• Material for this task
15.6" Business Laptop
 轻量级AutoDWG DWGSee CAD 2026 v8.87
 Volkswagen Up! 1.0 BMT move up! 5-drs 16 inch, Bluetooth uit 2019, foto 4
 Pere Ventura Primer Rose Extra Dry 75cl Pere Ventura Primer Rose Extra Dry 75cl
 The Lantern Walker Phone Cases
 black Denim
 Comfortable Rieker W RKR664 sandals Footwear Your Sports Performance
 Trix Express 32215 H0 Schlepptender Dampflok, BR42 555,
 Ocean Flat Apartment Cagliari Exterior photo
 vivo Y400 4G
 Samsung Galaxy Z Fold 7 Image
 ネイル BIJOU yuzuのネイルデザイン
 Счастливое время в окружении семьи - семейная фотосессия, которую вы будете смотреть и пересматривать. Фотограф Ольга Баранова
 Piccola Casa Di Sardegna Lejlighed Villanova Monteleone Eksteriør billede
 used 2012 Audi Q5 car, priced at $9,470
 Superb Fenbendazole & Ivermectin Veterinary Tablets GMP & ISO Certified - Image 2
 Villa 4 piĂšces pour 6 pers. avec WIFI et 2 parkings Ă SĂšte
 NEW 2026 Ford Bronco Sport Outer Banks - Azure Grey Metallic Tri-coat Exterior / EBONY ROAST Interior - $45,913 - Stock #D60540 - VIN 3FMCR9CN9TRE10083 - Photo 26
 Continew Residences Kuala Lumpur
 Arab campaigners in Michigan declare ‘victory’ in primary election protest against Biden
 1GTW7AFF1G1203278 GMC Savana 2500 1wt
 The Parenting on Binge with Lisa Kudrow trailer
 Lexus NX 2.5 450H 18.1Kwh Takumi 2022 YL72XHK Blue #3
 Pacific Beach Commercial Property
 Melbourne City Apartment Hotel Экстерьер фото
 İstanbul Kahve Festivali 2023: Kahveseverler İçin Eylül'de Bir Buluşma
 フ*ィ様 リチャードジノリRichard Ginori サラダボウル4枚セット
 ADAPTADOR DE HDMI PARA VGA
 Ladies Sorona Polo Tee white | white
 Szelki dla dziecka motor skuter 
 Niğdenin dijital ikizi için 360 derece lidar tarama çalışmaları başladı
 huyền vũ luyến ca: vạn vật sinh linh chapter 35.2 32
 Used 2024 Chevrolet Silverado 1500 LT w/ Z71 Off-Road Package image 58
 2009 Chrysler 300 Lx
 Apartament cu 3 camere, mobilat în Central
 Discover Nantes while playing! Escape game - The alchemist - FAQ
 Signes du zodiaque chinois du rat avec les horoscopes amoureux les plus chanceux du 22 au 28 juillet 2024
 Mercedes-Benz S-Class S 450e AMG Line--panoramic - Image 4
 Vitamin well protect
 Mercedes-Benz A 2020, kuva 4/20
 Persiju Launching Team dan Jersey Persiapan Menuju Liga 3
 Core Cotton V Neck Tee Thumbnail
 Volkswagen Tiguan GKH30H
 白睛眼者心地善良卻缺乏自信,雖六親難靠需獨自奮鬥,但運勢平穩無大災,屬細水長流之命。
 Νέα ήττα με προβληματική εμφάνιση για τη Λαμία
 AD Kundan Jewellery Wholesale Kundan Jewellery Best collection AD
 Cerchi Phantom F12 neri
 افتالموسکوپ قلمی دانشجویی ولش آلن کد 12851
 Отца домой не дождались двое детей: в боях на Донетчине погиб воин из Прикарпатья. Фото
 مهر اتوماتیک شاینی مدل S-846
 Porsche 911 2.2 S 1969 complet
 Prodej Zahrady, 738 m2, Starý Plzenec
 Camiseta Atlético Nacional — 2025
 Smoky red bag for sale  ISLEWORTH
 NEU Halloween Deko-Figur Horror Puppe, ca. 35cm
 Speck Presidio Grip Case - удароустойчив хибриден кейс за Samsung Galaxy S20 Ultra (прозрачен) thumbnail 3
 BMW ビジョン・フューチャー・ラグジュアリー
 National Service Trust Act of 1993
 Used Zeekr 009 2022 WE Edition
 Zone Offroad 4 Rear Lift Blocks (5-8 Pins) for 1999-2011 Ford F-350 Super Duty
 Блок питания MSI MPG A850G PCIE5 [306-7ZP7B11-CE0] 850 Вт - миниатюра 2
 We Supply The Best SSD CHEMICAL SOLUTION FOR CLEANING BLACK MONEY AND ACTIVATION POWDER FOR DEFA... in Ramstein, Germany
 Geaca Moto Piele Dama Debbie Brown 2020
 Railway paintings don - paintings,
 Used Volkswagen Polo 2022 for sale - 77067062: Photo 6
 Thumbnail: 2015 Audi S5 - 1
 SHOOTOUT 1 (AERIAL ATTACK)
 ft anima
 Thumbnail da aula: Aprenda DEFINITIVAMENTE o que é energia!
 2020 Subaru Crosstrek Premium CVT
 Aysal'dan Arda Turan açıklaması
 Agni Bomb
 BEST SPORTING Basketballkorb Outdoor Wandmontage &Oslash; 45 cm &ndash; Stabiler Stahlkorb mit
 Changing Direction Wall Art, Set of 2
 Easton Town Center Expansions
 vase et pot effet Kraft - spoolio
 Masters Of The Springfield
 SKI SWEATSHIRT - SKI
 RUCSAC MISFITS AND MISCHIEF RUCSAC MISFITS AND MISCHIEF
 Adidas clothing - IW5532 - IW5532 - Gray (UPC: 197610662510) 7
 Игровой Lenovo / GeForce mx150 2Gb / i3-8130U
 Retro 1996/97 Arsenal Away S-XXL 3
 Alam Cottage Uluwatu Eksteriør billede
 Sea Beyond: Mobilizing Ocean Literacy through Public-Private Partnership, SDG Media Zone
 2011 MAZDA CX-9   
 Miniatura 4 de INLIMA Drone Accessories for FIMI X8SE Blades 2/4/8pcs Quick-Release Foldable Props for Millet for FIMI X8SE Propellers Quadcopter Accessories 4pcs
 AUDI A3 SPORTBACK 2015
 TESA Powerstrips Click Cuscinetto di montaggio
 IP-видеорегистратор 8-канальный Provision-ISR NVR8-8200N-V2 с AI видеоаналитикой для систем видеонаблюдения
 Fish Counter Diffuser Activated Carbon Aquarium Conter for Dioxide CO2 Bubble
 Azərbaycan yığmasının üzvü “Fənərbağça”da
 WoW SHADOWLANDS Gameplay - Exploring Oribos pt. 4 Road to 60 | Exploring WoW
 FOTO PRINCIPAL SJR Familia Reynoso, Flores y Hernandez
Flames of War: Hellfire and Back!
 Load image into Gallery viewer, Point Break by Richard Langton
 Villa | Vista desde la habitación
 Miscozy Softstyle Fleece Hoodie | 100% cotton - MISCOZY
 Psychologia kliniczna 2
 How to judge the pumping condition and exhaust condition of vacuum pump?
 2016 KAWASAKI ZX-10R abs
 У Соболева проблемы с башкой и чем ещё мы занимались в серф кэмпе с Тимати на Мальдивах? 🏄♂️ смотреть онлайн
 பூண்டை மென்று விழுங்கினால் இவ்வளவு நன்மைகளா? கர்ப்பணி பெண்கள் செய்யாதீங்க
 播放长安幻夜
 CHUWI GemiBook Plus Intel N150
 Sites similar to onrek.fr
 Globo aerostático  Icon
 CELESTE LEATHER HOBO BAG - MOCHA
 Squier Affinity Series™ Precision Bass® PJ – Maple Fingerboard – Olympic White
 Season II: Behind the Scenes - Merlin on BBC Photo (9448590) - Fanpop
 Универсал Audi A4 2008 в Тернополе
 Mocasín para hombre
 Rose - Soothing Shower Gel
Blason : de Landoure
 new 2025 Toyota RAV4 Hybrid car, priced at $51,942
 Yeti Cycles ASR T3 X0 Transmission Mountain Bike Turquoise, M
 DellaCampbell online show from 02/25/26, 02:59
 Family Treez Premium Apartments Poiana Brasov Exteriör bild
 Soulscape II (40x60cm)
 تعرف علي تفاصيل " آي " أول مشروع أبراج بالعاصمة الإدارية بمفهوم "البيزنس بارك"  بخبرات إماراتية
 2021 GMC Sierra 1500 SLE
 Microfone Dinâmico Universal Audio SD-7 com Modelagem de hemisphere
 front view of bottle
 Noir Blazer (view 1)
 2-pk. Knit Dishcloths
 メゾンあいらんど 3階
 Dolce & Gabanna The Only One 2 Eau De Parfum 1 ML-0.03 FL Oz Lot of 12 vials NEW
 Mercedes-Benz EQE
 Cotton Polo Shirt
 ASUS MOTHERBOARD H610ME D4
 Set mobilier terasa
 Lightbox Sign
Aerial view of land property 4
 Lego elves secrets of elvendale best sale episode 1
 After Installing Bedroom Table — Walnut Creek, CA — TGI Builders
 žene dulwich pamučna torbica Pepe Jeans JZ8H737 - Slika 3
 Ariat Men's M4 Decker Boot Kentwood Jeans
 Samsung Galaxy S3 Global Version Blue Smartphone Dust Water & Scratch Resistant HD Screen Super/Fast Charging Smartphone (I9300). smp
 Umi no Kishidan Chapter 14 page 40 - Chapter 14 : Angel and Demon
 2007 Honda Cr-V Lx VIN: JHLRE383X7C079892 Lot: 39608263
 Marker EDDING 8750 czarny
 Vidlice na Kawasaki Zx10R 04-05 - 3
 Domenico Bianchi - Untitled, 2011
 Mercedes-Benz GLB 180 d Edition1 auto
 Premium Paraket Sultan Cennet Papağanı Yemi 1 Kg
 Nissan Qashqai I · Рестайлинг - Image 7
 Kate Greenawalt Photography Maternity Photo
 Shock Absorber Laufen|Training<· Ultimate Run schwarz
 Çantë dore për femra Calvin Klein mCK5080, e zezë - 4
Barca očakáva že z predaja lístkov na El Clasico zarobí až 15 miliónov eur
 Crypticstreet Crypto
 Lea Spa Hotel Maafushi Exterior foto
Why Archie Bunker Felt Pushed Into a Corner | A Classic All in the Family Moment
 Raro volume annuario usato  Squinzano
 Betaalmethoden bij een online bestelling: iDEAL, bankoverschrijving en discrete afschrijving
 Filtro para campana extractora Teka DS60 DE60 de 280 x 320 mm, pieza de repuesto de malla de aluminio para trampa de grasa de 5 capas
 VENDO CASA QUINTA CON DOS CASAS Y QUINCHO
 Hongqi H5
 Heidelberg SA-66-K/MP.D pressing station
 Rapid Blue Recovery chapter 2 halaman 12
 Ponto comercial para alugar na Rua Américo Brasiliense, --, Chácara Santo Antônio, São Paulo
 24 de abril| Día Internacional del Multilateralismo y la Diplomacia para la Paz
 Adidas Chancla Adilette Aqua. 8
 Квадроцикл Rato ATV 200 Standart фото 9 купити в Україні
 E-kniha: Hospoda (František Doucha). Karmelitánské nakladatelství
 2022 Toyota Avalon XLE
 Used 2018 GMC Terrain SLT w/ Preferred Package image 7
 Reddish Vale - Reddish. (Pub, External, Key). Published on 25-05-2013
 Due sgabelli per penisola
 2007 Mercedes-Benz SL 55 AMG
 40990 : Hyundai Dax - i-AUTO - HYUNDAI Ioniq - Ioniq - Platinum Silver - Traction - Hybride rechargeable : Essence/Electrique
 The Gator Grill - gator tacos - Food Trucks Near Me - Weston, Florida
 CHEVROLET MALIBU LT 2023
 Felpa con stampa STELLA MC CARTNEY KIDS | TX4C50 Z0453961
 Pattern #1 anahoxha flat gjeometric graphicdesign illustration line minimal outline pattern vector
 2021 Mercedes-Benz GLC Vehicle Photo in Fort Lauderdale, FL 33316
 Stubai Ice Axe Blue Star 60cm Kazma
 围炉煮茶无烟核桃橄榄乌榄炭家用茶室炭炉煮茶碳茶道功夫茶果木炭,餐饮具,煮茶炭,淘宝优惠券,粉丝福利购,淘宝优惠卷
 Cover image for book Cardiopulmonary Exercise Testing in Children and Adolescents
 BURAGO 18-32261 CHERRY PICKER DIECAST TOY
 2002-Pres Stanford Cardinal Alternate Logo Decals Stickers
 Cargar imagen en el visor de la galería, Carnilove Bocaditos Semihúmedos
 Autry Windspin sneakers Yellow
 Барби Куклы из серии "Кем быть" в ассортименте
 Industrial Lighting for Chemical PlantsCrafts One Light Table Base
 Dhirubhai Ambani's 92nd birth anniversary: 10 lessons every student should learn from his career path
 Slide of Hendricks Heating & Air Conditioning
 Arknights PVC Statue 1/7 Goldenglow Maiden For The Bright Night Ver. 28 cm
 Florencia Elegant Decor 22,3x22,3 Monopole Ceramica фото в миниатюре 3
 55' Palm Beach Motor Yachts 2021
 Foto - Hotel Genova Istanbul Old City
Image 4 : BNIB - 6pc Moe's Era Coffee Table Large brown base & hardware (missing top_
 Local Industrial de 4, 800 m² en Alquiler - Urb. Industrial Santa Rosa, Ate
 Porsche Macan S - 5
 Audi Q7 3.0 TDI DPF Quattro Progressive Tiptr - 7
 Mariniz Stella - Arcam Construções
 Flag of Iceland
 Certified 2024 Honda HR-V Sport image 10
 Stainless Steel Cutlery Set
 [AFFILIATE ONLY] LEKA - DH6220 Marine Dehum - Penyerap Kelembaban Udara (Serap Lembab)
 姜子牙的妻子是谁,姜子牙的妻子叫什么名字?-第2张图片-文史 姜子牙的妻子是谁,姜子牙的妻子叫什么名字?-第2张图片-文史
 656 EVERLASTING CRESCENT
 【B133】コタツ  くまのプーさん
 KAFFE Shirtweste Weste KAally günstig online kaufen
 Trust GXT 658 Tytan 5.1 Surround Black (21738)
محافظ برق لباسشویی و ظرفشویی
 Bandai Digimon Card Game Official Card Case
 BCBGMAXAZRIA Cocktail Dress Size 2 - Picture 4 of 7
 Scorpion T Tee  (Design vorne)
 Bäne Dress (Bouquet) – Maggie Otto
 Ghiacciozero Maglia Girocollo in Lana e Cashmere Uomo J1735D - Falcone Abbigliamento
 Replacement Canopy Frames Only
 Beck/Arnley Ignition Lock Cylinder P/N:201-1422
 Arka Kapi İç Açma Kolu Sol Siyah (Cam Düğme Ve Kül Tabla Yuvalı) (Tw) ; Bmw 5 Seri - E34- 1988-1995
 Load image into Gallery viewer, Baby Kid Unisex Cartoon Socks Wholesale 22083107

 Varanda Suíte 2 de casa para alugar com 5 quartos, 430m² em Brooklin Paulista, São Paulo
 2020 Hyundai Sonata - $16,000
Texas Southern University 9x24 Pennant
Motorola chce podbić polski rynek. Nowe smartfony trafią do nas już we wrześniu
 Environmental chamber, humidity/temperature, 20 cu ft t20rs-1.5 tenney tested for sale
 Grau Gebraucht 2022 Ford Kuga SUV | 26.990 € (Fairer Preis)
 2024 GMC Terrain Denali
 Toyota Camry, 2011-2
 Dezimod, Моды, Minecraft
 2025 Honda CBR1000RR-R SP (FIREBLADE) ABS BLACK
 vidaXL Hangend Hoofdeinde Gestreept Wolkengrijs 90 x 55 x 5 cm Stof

• About this task
Filter the data for the string "avec". Copy each matching line.

• Written response
 Villa 4 piĂšces pour 6 pers. avec WIFI et 2 parkings Ă SĂšte
 Signes du zodiaque chinois du rat avec les horoscopes amoureux les plus chanceux du 22 au 28 juillet 2024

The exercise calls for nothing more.